Acerca de la soledad en García Márquez

“Ni siquiera el personaje principal, el coronel Aureliano Buendía, llega a comprender que ‘el secreto de una buena vejez no es otra cosa que un pacto honrado con la soledad’, porque es la voz del autor quien enuncia este comentario, y no el personaje (…) Acaso sea Amaranta quien ante la muerte realiza esa moderación de las expectativas y la templanza hacia sí misma (…) La ya inconmensurable comprensión de lo que es la soledad la lleva con tranquila disposición a aceptar el propio destino  ¿Nos hallamos ante una reminiscencia de Séneca? ¿O se trata acaso de esa sabiduría que sólo llega (y sólo tiene sentido) en la vejez?”

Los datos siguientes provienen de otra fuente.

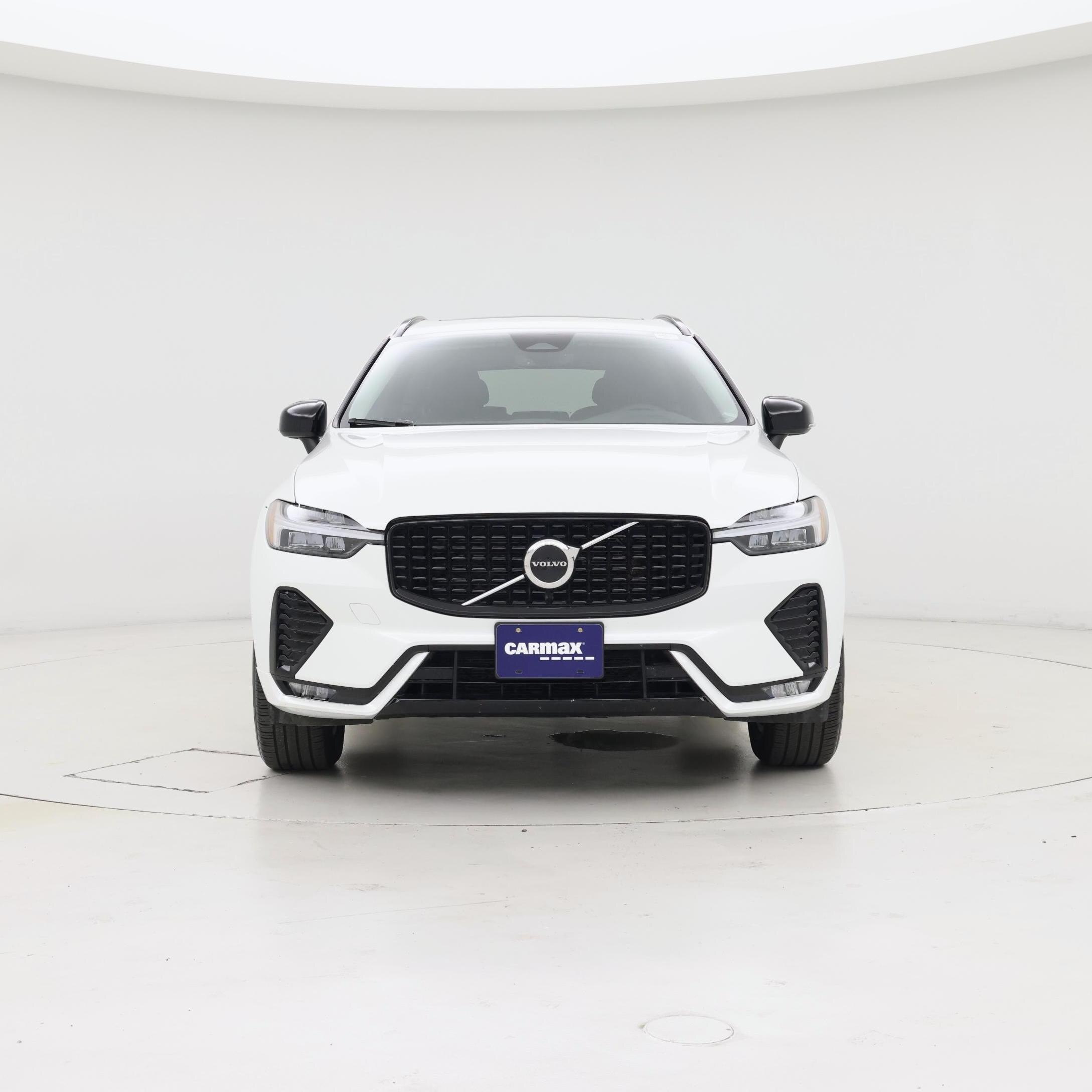 Thumbnail: 2025 Volvo XC60 - 5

Gustav Siebenmann. “Fabulación sobre lo fabuloso. Acerca de Gabriel García Márquez”, en Ensayos de literatura hispanoamericana, Madrid: Taurus, 1988, p. 287.

Brice Echenique distingue entre dos formas de soledad, la masculina y la femenina, a las que atribuye características específicas:

Universo femenino o de nostalgia

“En la más famosa de las novelas hasta hoy escritas por Gabriel García Márquez, la soledad y la nostalgia son dos temas importantísimos, pero que actúan en forma diferente según se trate de los personajes masculinos o femeninos. En los hombres, la soledad y la nostalgia llegan de improviso con el amor, no así en el caso de las mujeres en que, sobre todo la soledad desempeña un papel mucho más complejo, un elemento constitutivo del juego (…) Los tipos de soledad entre los Buendía constituyen pues un sistema triangular bastante evidente.”

Alfredo Bryce Echenique. «Universo femenino o de nostalgia», en El Mundo, La Esfera, Madrid (18 julio 1992), p. 7.

Que “El secreto de una buena vejez no es otra cosa que un pacto honrado con la soledad” es un pensamiento que me seduce, me alimenta y me acompaña.
Lo que importa, en fin de cuentas, no es la vida, sino la calidad de vida.